Evaluation of cloud microphysical parameterizations in cloud-resolving model simulations using the ARM observations

Description

Clouds modulate the distribution of energy and water within the atmosphere and regulate the hydrological cycle. Cloud microphysical parameterizations are critical for the representation of cloud microphysical properties in both cloud-resolving and climate models. In this study, we analyze the capabilities of a cloud-resolving model (CRM) with advanced bulk microphysics schemes to simulate the microphysical properties and evolution of convective clouds and anvil cirrus over the Southern Great Plains (SGP) site in the midlatitudes and Kwajalein Atoll in the tropics. To evaluate the simulated cloud properties, we use observations from the Atmospheric Radiation Measurement (ARM) Climate Research Facility 1997 Summer Intensive Observation Period at the SGP site and the Kwajalein Experiment (KWAJEX) field campaign. The CRM simulations are evaluated using, in particular, precipitation records, radiative fluxes, and radar reflectivity values from the ARM millimeter-wavelength cloud radar (MMCR) and the Kwajalein precipitation radar.

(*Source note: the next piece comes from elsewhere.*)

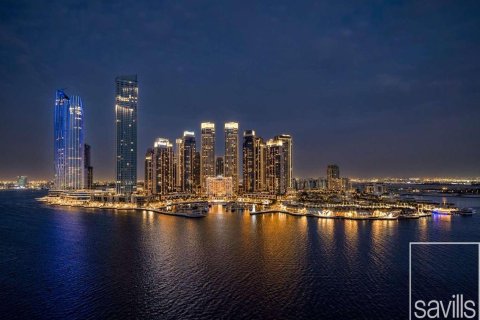 1 bedroom Apartment in Dubai Creek Harbour (The Lagoons), UAE No. 198823 3
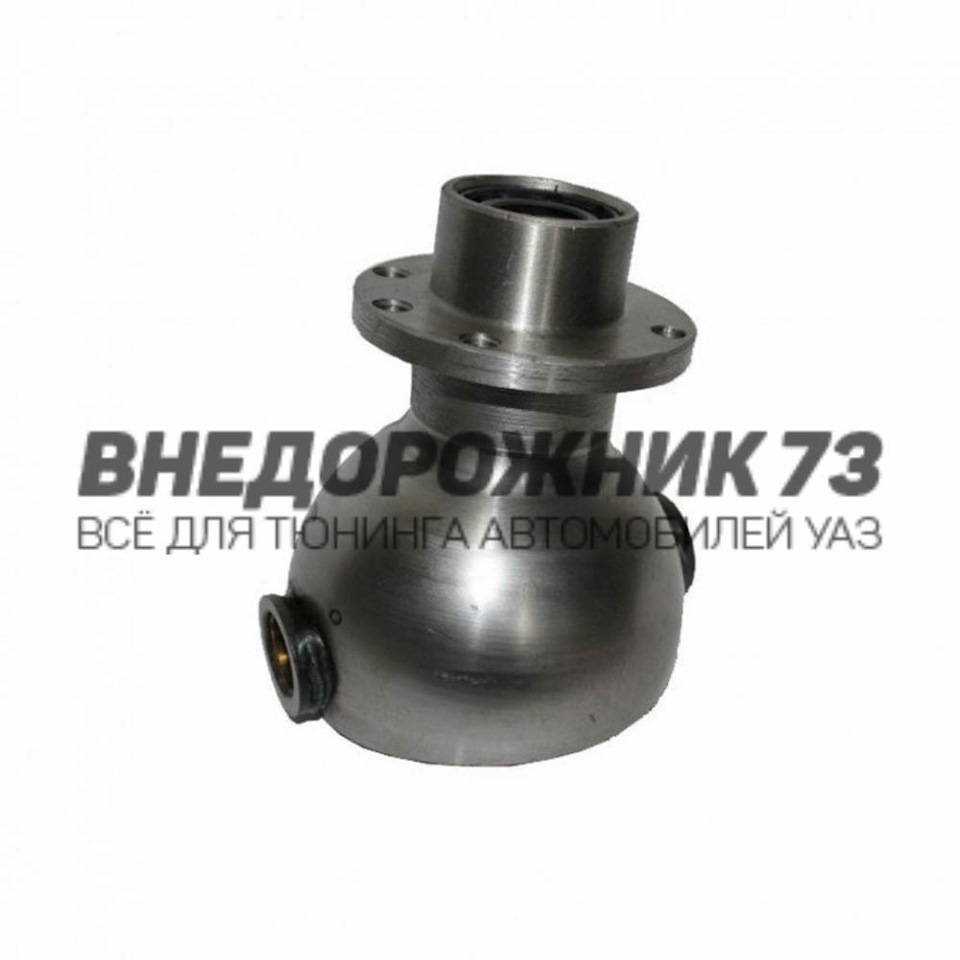 Опора шаровая УАЗ 452 с/о (452-2304012) — ВНЕДОРОЖНИК 73 на DRIVE2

Preliminary analysis of the ARM SGP case shows that precipitation events during this period are well captured by the model, but the outgoing longwave radiation (OLR) is considerably underestimated and the model generates too much high cloud when compared with the MMCR observations. We find that the excess cloud production is due in part to the microphysical parameterizations but that the periodic lateral boundary conditions of the CRM also play an important role. Compared to the cloud radar reflectivity histograms from the ARM MMCR observations, the simulated cloud radar reflectivity reproduces the shape and the mode of the reflectivity histograms at levels above 11 km. The agreement deteriorates at lower levels, presumably because more complicated microphysical processes are involved. In our study we focus especially on the causes of the overproduction of ice and high-level clouds in the CRM simulations. Improvements of the ice microphysics scheme and resulting impacts on the simulation are presented.